## BRIEF
Shown below is a listing with pictures; reproduce exactly, and only, the lines between the ones containing "Get Logitech G432" and "MicroINR Gerinnungsmessgerät", inclusive, leaving the pictures out.

PROVIDED MATERIAL START

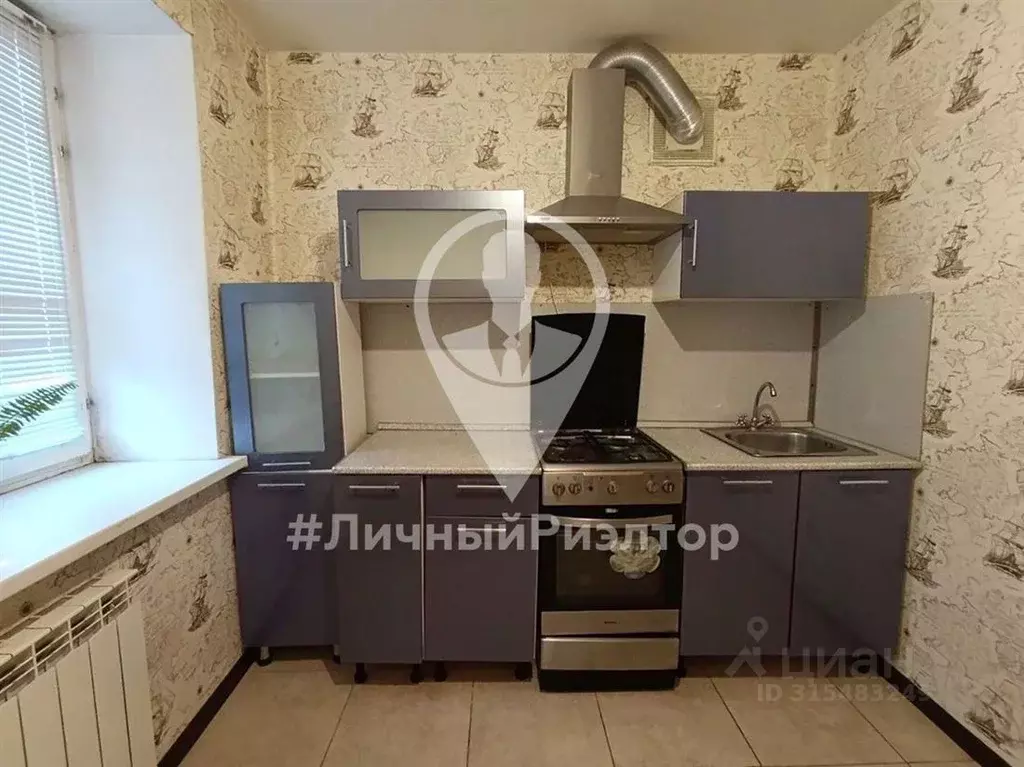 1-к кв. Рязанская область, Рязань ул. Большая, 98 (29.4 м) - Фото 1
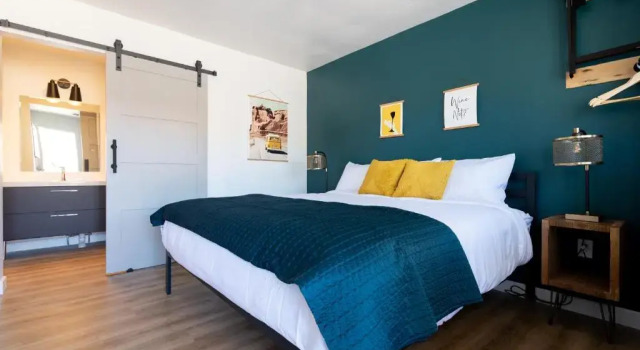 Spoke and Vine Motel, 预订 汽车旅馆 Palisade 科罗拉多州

PROVIDED MATERIAL END
PROVIDED MATERIAL START

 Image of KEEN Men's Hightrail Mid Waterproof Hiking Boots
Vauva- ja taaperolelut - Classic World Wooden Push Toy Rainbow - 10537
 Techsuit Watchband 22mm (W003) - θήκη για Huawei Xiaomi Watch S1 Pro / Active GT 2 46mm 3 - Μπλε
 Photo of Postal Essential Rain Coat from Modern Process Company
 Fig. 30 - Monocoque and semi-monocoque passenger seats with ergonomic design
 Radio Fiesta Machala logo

PROVIDED MATERIAL END
PROVIDED MATERIAL START

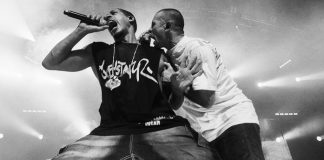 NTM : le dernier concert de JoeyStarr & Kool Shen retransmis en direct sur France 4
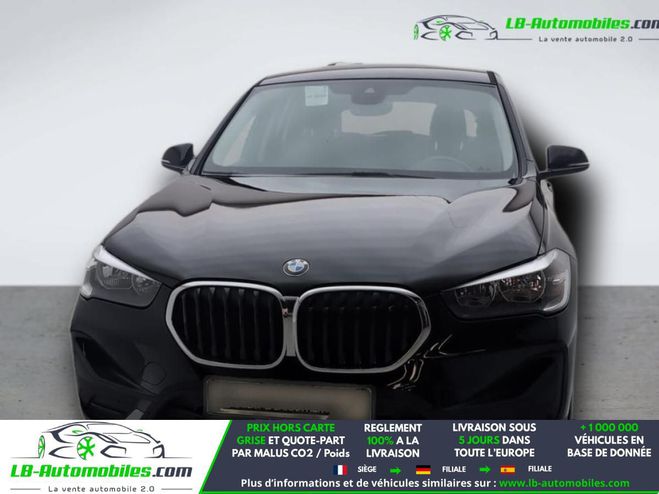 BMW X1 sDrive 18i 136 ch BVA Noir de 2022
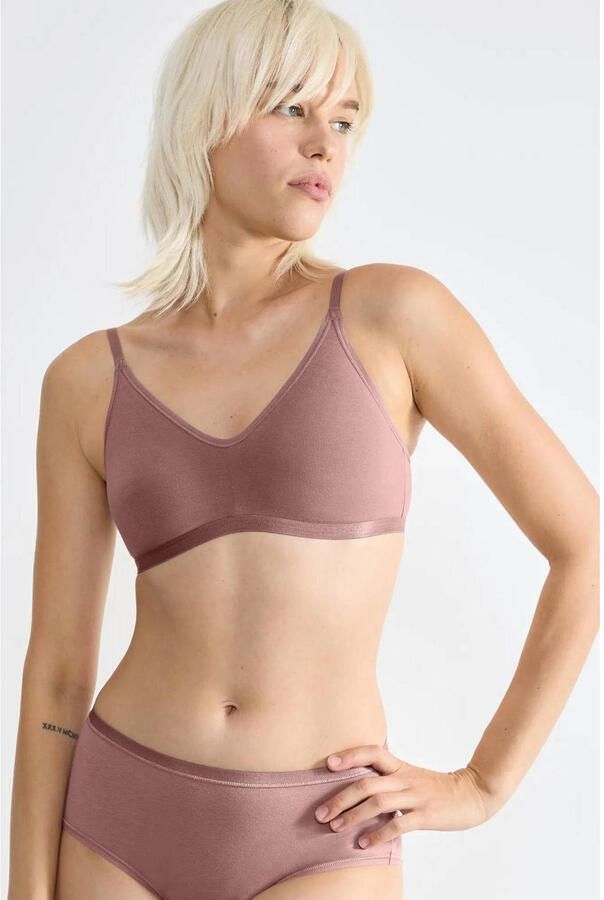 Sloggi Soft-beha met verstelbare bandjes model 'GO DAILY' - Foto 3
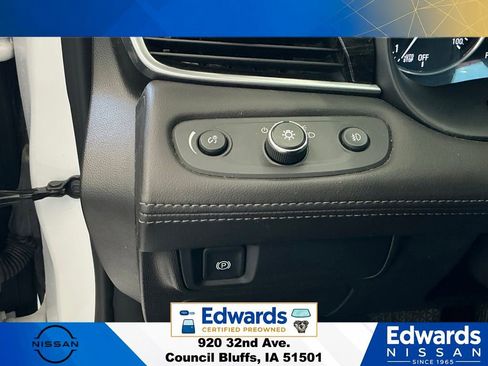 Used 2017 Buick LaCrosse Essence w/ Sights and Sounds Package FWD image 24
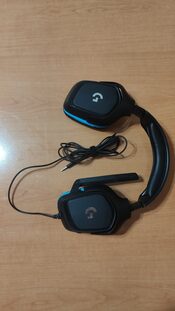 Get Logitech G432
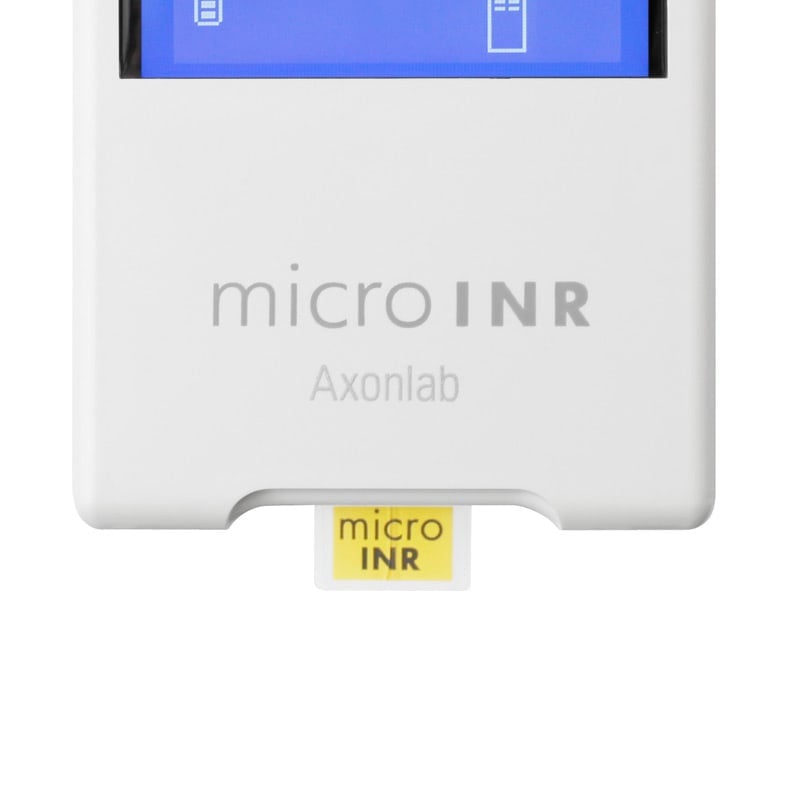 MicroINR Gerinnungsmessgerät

PROVIDED MATERIAL END

## WRITTEN SOLUTION
 Get Logitech G432
 MicroINR Gerinnungsmessgerät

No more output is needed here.